Staff Summary of Public Testimony:

(In support) Reducing the cap for insulin cost-sharing from $100 to $35 improves the quality of life for individuals with diabetes.  It is difficult to live in fear of not being able to afford medication, and patients with diabetes also need to purchase other treatment components in addition to insulin.  Individuals with diabetes are making decisions like going to college or getting married based on the cost of insulin.  Some individuals with diabetes ration insulin which jeopardizes their lives.  If this bill does not pass, the $100 cap will end, and patients will go back to paying what was being charged.  Health insurers purchase insulin in bulk, so they have the ability to price insulin at an affordable level.  The cost of insulin has increased beyond the cost to produce it.  Reducing the cap will not cause health insurers to raise premiums because premiums did not rise after the $100 cap was passed.  This cap aligns with a national effort to cap insulin cost-sharing at $35.  The bill should also address emergency access to insulin, so that individuals with diabetes can refill their insulin supply once per year regardless of insurance status.

 

(Other) The Total Cost of Insulin Work Group (Work Group) was not able to do its work, so the $100 cap should remain moving forward while the Work Group convenes.  A $35 cap is beneficial for consumers, but it will drive the cost of insulin into health insurance premiums.
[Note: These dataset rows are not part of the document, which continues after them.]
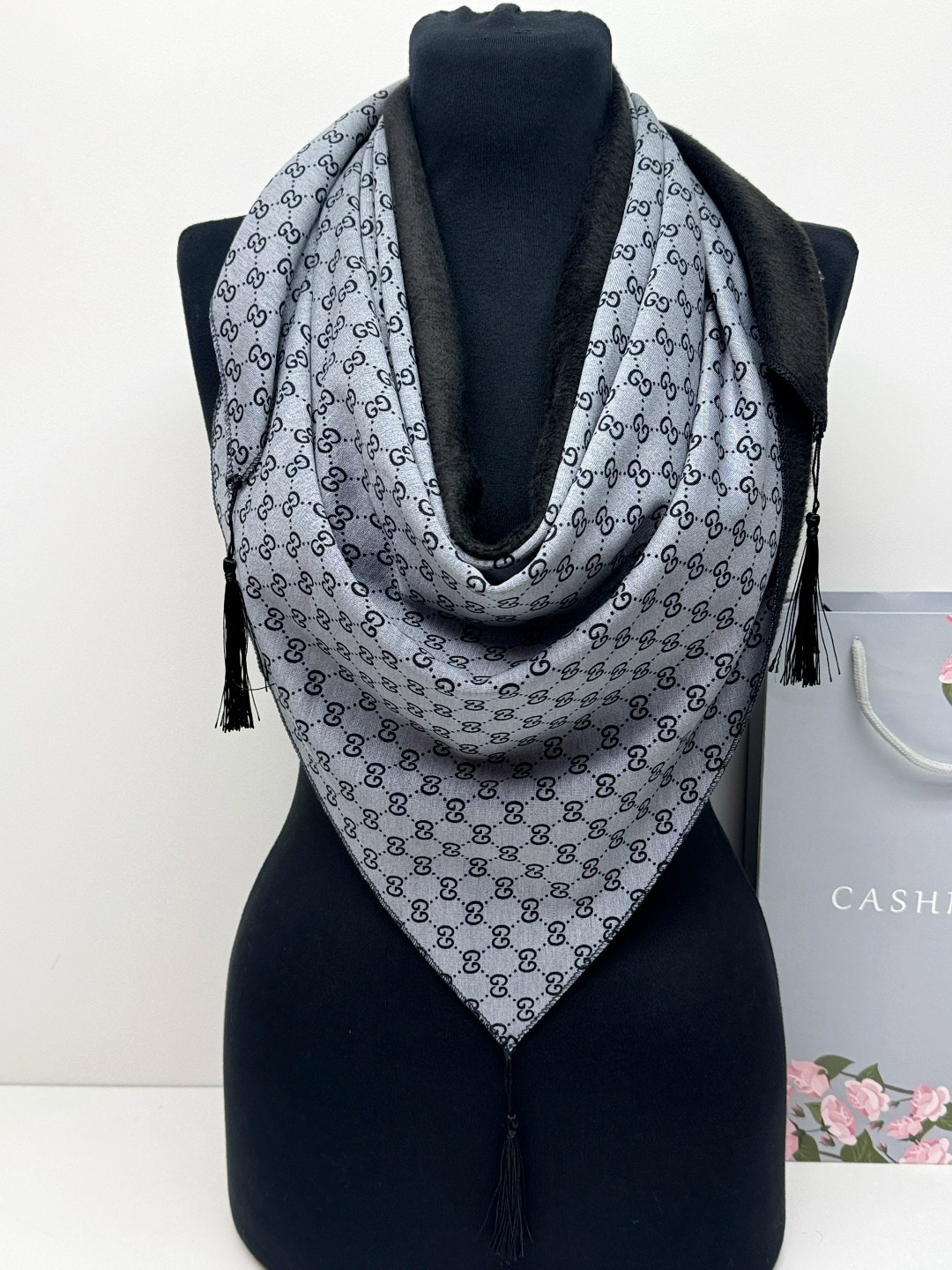 платок косынка женская теплая,косынка женская теплая,леопардовый платок на шею,платки двусторонняя,платок косынка теплая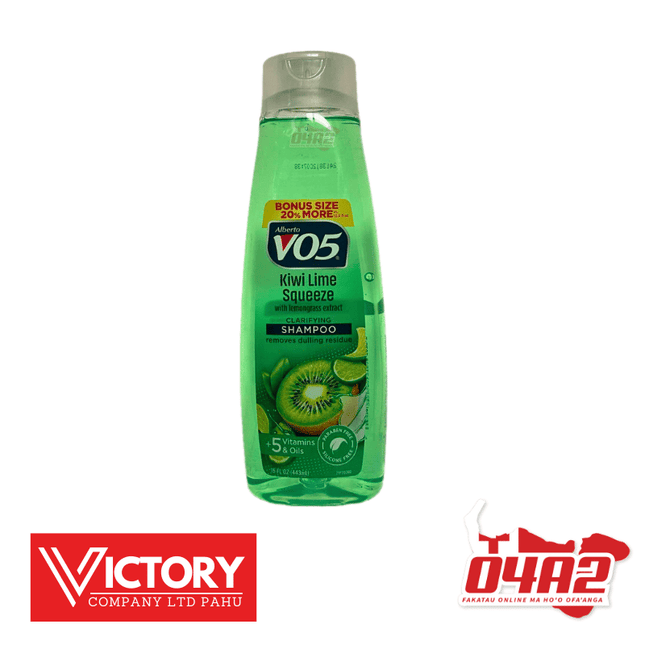 VO5 Shampoo 443ml - “PICK UP FROM VICTORY SUPERMARKET & WHOLESALE, PAHU"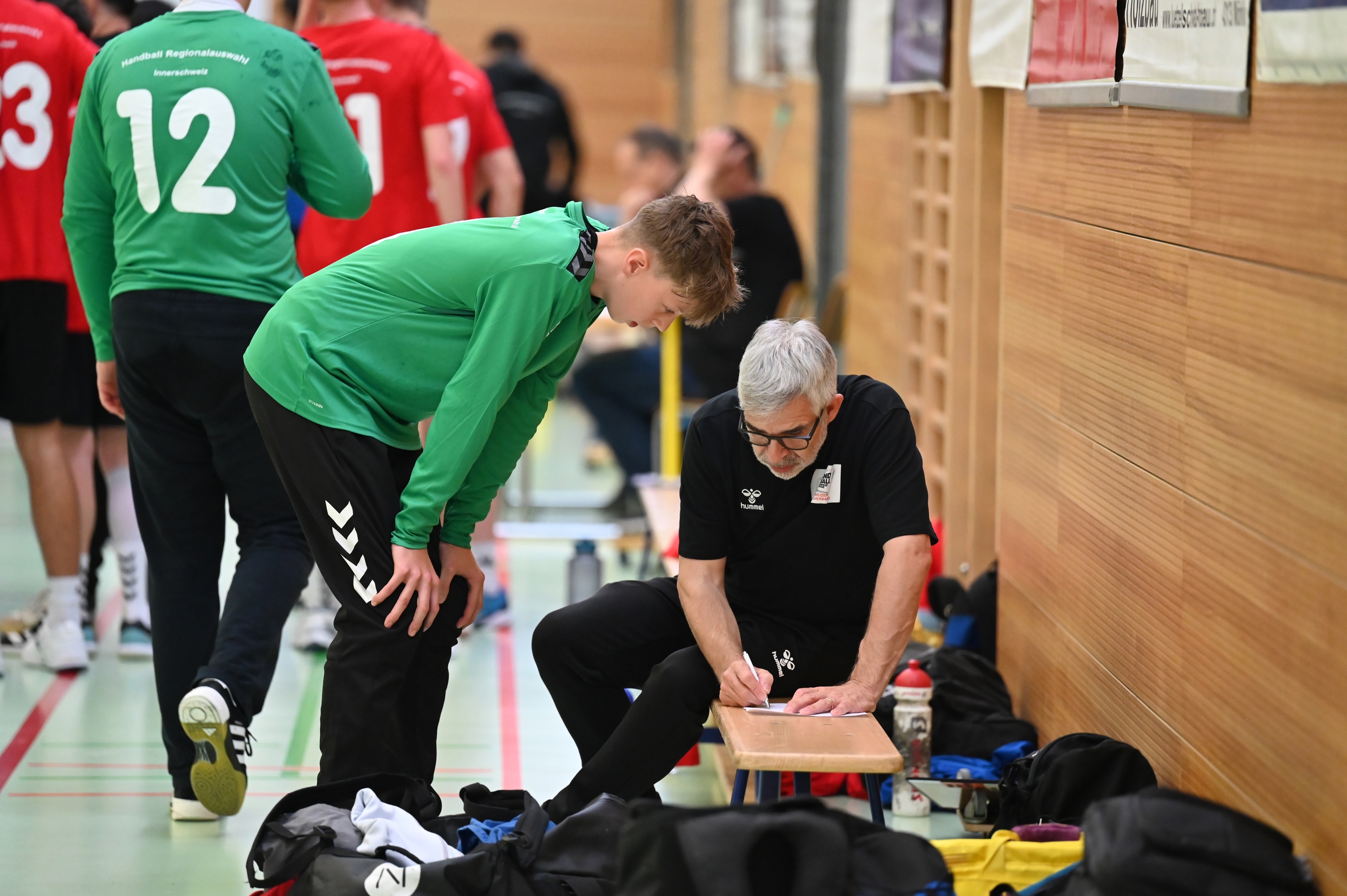 RA Goalie am Finalturnier in Möhlin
Persons Testifying: (In support) Senator Karen Keiser, prime sponsor; Kevin Wren, Washington #insulin4all; Cindi Laws, Health Care for All Washington; Laura Keller, American Diabetes Association; Jennifer Perkins; and Jenny Arnold, Washington State Pharmacy Association.
(Other) Chris Bandoli, Association of Washington Healthcare Plans.
Persons Signed In To Testify But Not Testifying: Elyette Weinstein; Elena Rumiantseva; Betty Lucas Jackins; Karen Richter; Glen Anderson; Christine Gray; Elinor Graham; Jill Simpson; E. Ellis; Susan Young, Addus Healthcare; Gina Owens; Ju Choe; Melanie Abbott; and Madi Johnson, Washington #insulin4all.